##### Supplied records #####

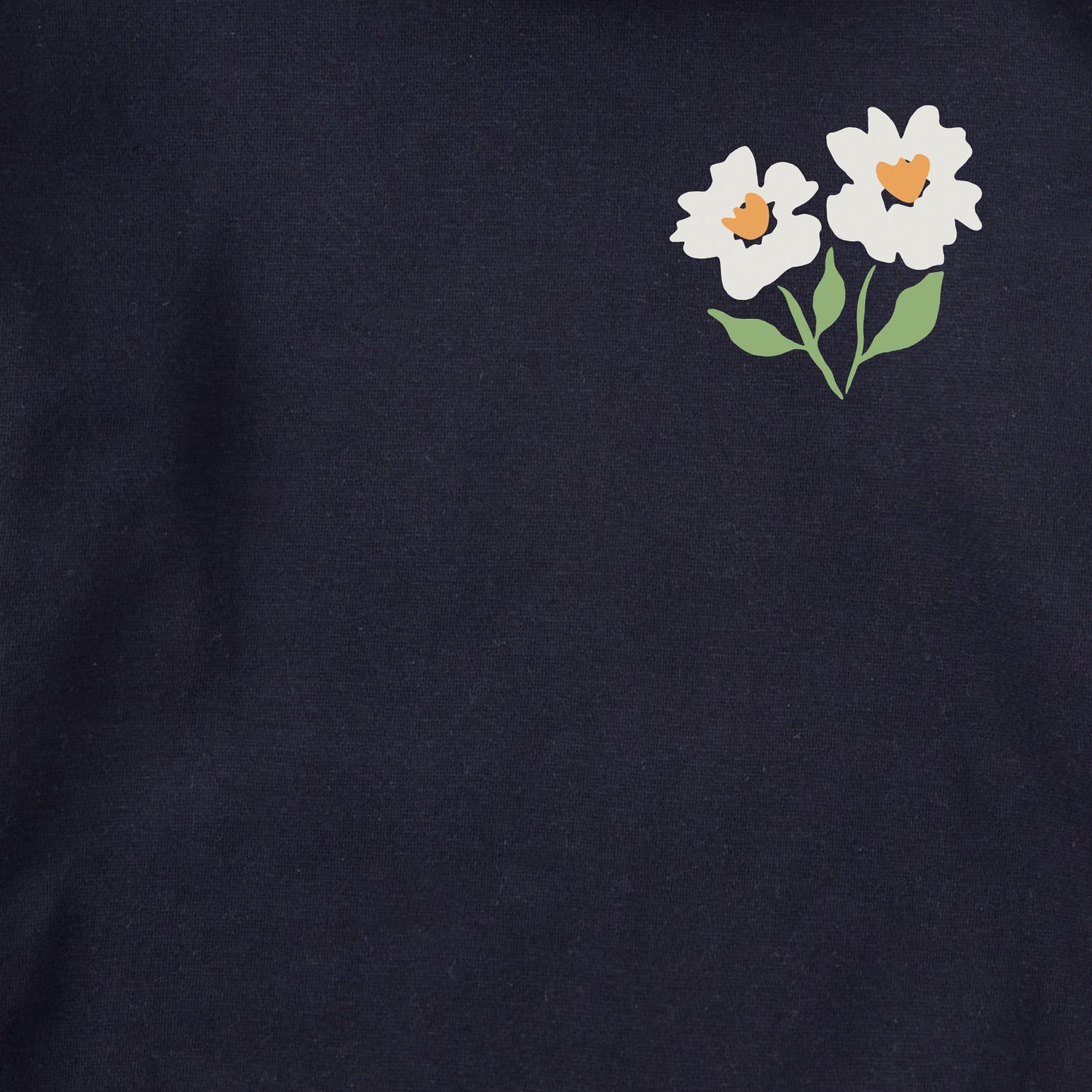 Adult Unisex Flower Duo Every Wear Crew Sweatshirt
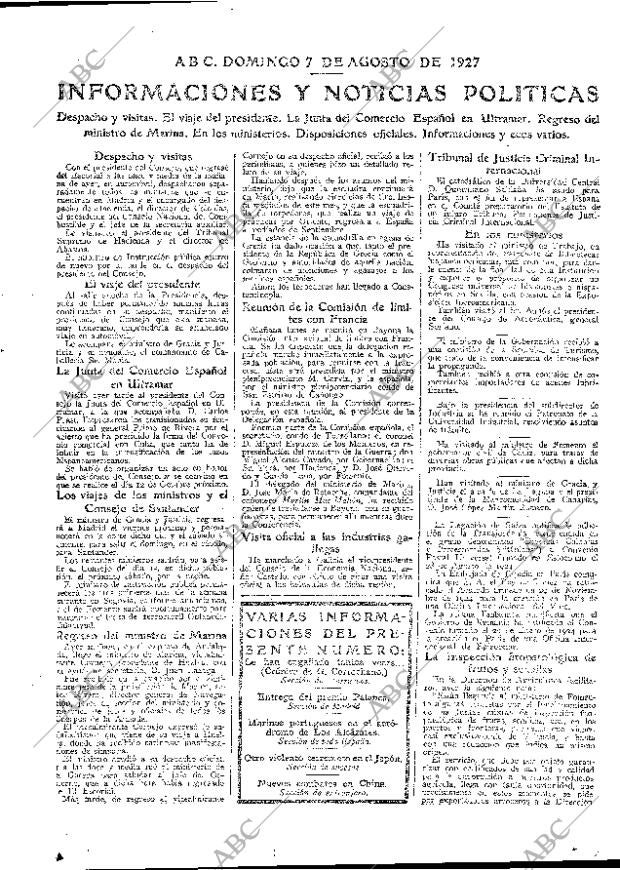 ABC MADRID 07-08-1927 página 23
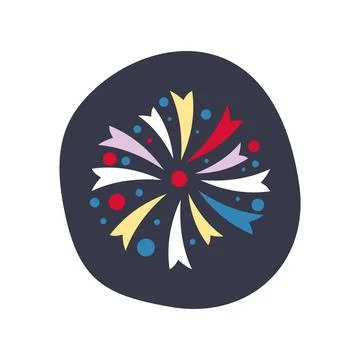 Colorful fireworks exploding celebrating freedom independence holiday Stock Illustration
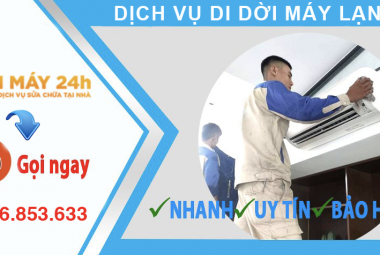 Di dời máy lạnh nhanh chóng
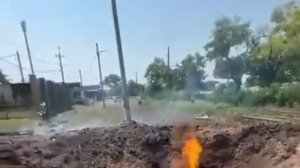 Одесса - дырка земле. Газопровод теперь вечный огонь.
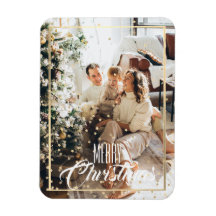 Weihnachtsgoldstern Konfetti Foto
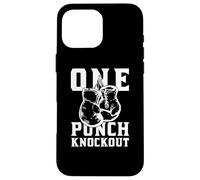Boxing Punch Knockout King of the Ring Boxing Boxer Gloves Custodia per iPhone 16 Pro Max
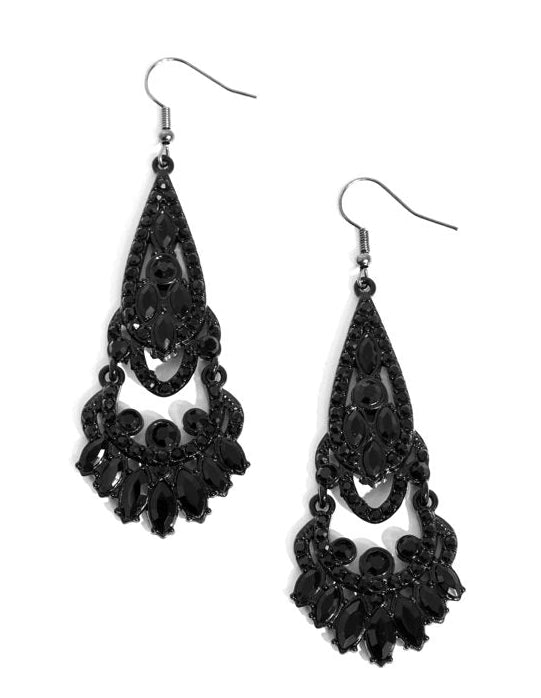 Opera Stage Black Earrings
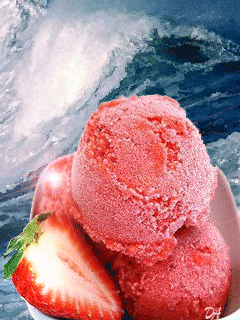 Strawberry Ice Cream GIFs - 27 Delicious Animations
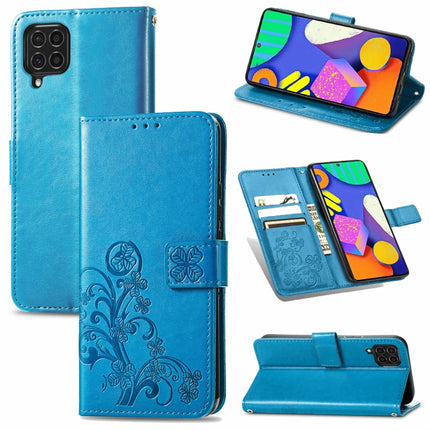 Four-leaf Clasp Embossed Buckle Mobile Phone Protection Leather Case with Lanyard & Card Slot & Wallet & Bracket Function, For Samsung Galaxy A22 5G, For Samsung Galaxy A22 4G, For Samsung Galaxy F62/M62, For Samsung Galaxy S21 FE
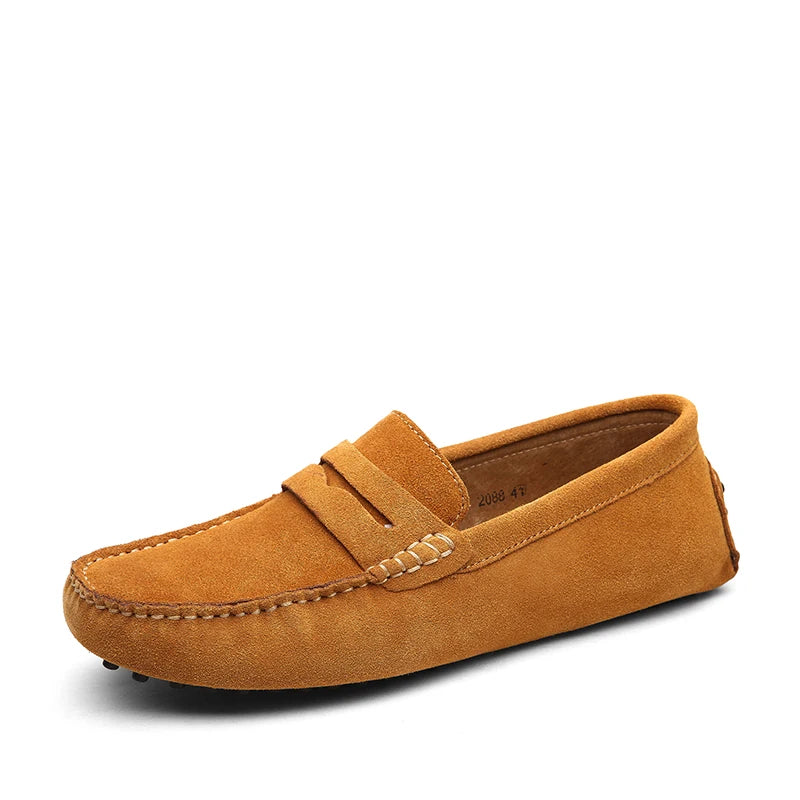 Men High Quality Leather Loafers Men Casual Shoes Moccasins Slip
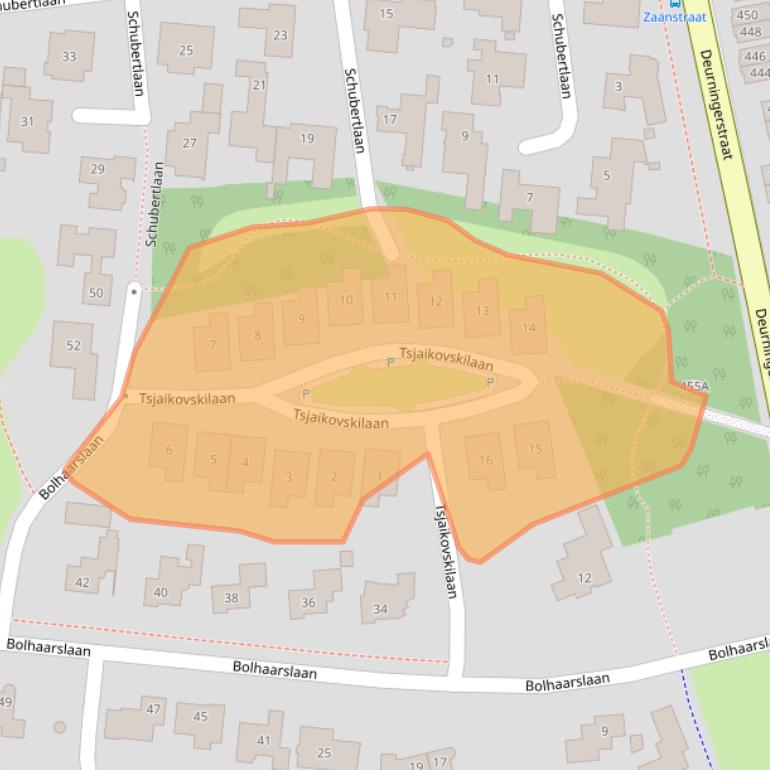 Kaart van postcodegebied 7522JW.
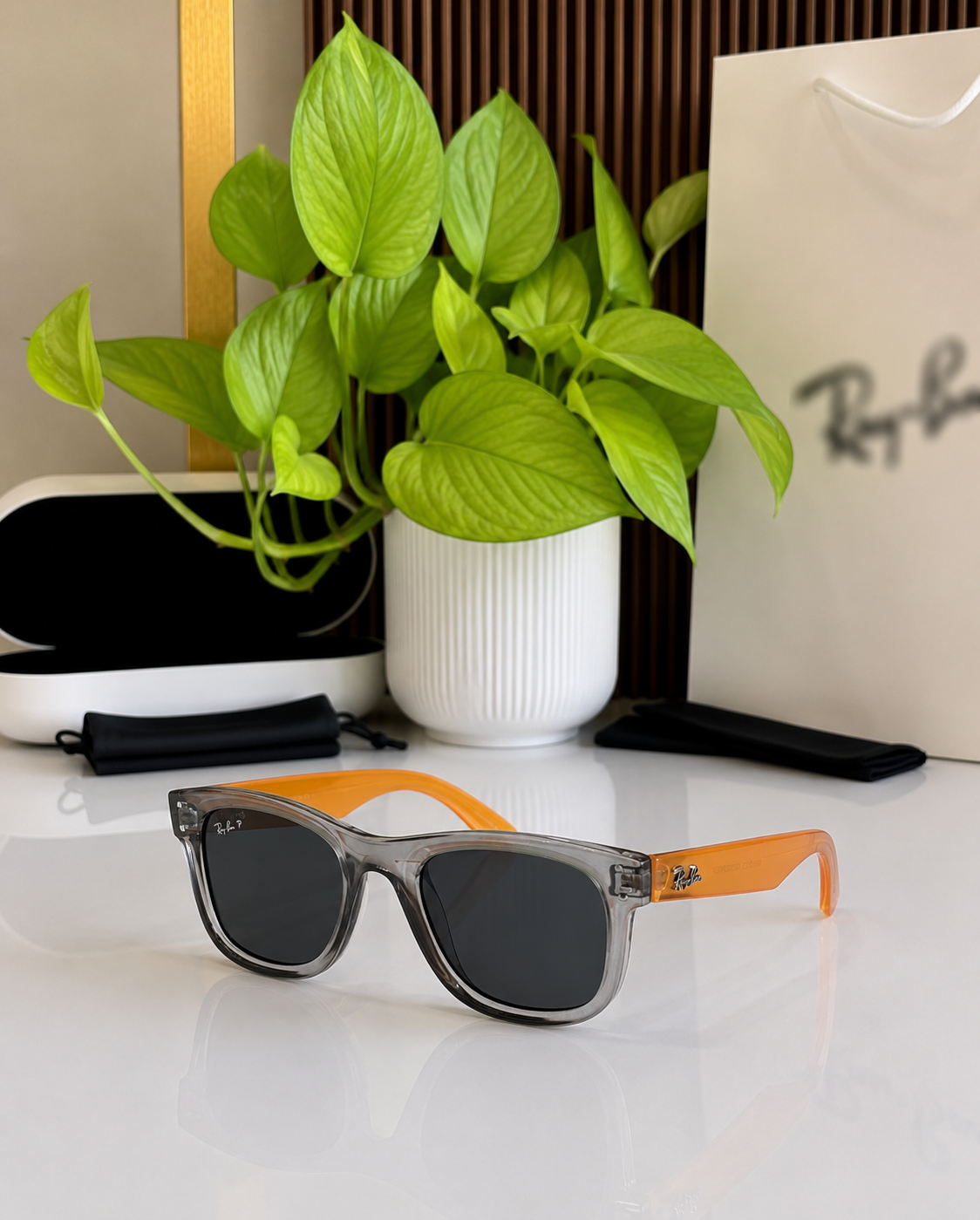 SK 0502- ORANGE BLACK LENS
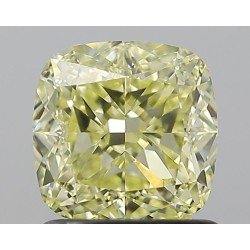 Diament o barwie fantazyjnej szlif poduszkowy modyfikowany, 1.22ct, VS2, Fancy Yellow, GIA 1236067962
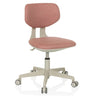 Chaise pivotante pour des enfants KIDDY CLASSIC rose avec structure beige et roulettes de hjh OFFICE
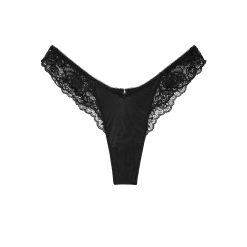 Rose lace-trim high-leg thong panty s-Imbracaminte-Lenjerie intima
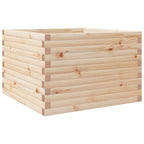 VidaXL Plantenbak 70x70x46 cm massief grenenhout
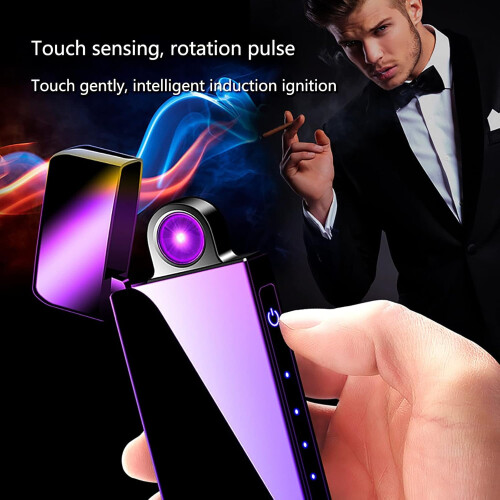Rundbue Plasma Lighter Elektrisk USB Lighter Genopladelig Lomme 1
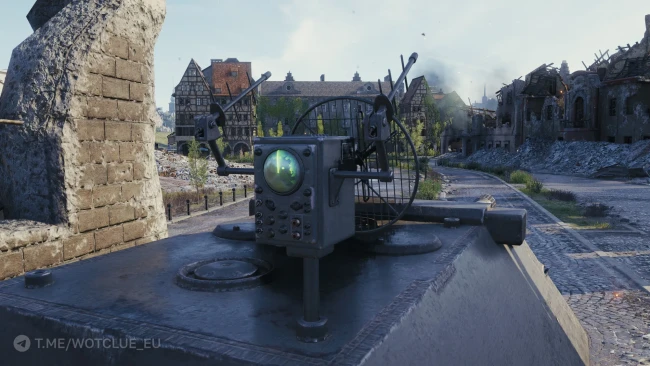 3D-объект «Контрразведывательный радар» в World of Tanks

#####

Problem:
Beginning with the first entry above, reproduce every line verbatim until the line with "SK 0502- ORANGE BLACK LENS", which is included too; omit pictures.

Expected output:
 Adult Unisex Flower Duo Every Wear Crew Sweatshirt
 ABC MADRID 07-08-1927 página 23
 Colorful fireworks exploding celebrating freedom independence holiday Stock Illustration
 Di dời máy lạnh nhanh chóng
 Одесса - дырка земле. Газопровод теперь вечный огонь.
 Weihnachtsgoldstern Konfetti Foto
Boxing Punch Knockout King of the Ring Boxing Boxer Gloves Custodia per iPhone 16 Pro Max
 Opera Stage Black Earrings
 Strawberry Ice Cream GIFs - 27 Delicious Animations
 Four-leaf Clasp Embossed Buckle Mobile Phone Protection Leather Case with Lanyard & Card Slot & Wallet & Bracket Function, For Samsung Galaxy A22 5G, For Samsung Galaxy A22 4G, For Samsung Galaxy F62/M62, For Samsung Galaxy S21 FE
 Men High Quality Leather Loafers Men Casual Shoes Moccasins Slip
 Kaart van postcodegebied 7522JW.
 SK 0502- ORANGE BLACK LENS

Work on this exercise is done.